Finally, the most relevant structured mechanism in this code is how Ceu handles the lifespan of tasks. A task is like a local variable, i.e., its lifespan is attached to the block enclosing it. In the main_menu, each par branch spawns an anonymous task, and each anonymous task spawns a menu_button task. Hence, the menu as a whole handles at least 2x tasks for each menu option, which are all active at the same time. When a return is reached, it escapes all blocks in the parent task, aborting all nested tasks automatically. This hierarchy of tasks is one of the control-flow patterns described in the previous post:

• Lifespan Hierarchies: Entities typically form a lifespan hierarchy in which a terminating container entity automatically destroys its managed children.
  • Examples: UI containers, particle systems.
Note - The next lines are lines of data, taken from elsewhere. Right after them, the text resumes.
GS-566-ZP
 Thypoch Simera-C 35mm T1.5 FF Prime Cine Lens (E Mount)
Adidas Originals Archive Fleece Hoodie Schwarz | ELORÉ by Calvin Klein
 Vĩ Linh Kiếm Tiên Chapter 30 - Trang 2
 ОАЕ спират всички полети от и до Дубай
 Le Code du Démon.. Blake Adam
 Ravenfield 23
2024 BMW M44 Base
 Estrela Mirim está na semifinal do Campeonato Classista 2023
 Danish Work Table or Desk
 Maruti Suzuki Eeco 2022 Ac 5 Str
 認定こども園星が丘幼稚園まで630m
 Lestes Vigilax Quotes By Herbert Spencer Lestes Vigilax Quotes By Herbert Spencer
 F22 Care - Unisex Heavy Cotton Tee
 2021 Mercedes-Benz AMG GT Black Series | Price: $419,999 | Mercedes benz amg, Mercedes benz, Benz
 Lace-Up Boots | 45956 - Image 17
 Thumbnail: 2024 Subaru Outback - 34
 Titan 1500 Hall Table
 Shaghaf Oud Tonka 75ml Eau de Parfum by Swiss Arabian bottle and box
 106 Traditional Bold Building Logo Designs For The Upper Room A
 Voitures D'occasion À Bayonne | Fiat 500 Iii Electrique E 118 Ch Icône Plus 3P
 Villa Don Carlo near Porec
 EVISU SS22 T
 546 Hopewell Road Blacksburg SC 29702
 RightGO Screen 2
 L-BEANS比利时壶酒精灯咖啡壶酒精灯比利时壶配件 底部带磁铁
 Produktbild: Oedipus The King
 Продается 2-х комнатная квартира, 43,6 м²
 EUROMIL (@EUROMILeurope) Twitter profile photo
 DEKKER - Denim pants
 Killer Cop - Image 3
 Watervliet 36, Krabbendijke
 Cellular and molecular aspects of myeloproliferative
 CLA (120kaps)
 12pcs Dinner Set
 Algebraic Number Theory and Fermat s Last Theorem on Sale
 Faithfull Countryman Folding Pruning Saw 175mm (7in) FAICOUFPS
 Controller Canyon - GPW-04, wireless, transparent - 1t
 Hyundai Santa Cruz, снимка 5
The original implementation in C++ relies on an explicit container to hold the buttons, which are destroyed together with the menu object. In comparison to local tasks, the main drawbacks of object containers are that (1) all nested objects share the same lifespan of the container, and (2) the lifespan of the container matches the lifespan of its enclosing object. As a result, lifespan hierarchies in containers cannot be fine grained unless they rely on manual management (e.g., through add and remove method calls).

---

• Are there similar mechanisms for anonymous tasks in other languages?
• Do you agree that object containers cannot express fine-grained lifespans automatically?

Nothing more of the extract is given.